Plans are to sell 0.5 per cent share to retail investors, with the remaining 1 per cent largely to be taken by Saudi institutions and funds in the region, while foreign institutional interest will be limited to a pool of 1,500 investors already able to trade on the Saudi stock exchange, the Financial Times reported.
International investors interest muted
International investors pushed back at what was seen as an excessive price for the company’s shares, amid concerns over leadership and security of energy facilities, commentators said.
As Robin Mills, CEO at Middle-East focused energy consultancy Qamar Energy, told Hedgeweek, international investors are: “concerned mainly about the valuation itself rather than about the company, as they were looking at a something closer to USD1.2 trillion,” and other Saudi factors, such as concerns over violations of human rights and attacks on oil facilities, are also playing a role in a somewhat cooler than expected reaction from international investors.
In addition he says: “The oil sector itself is also difficult for investors, there’s a lack of satisfaction with oil.”
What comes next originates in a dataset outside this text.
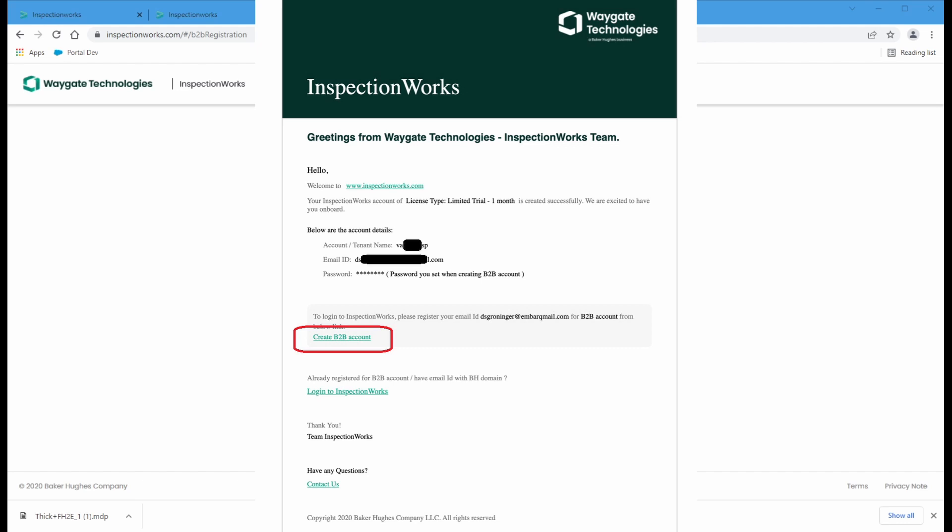Now, the B2B account is an additional layer of security that we are implementing here at Baker Hughes. One of our prime concerns for you as a customer with InspectionWorks is to maintain a high level of security around your data, assure your privacy, and make sure that no one can see the data that you have in InSite or in your private store, other than the people to whom you choose to share your account. So the B2B registration is an additional step here.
Mihir Kapadia, CEO of Sun Global Investments, told Hedgeweek that the valuation listing of Saudi Aramco at USD1.7 trillion, “has taken many by surprise, especially since the country’s crown prince, Mohammed bin Salman, had sought USD2 trillion.
“However, after the country decided to make the IPO an exclusively Saudi affair, restricting sales from the likes of USA, Japan and Canada, it should come as of no real surprise that the numbers are lower than previously expected.”
As the IPO will rely mostly on domestic investment, both large and small scale, hopes to raise USD100 billion for the kingdom have been “slashed in what will be seen as a big blow to the crown prince”.
At the same time, Mills says: “the difference between raising USD25 billion instead of the USD100 billion [previously targeted] is not that significant in the wider context. It would cover about one year of budget deficit and the kingdom is still faced with the issue of funding budget through raising debt and sovereign debt holdings.”
Aramco had been mulling an IPO since 2016. With the sale finally moving forward Kapadia says: “There is a mixed sentiment as to whether this was the right time, especially with the country missing all three of its IPO goals before it has even began trading,” adding that Aramco’s profits have dropped slightly this year amid tensions in the region and weak oil demand.
Saudi Aramco was hit by a drone strike in September, suffering a substantial curtailment in production at the world’s largest oil processing facility, although it later said production had been restored.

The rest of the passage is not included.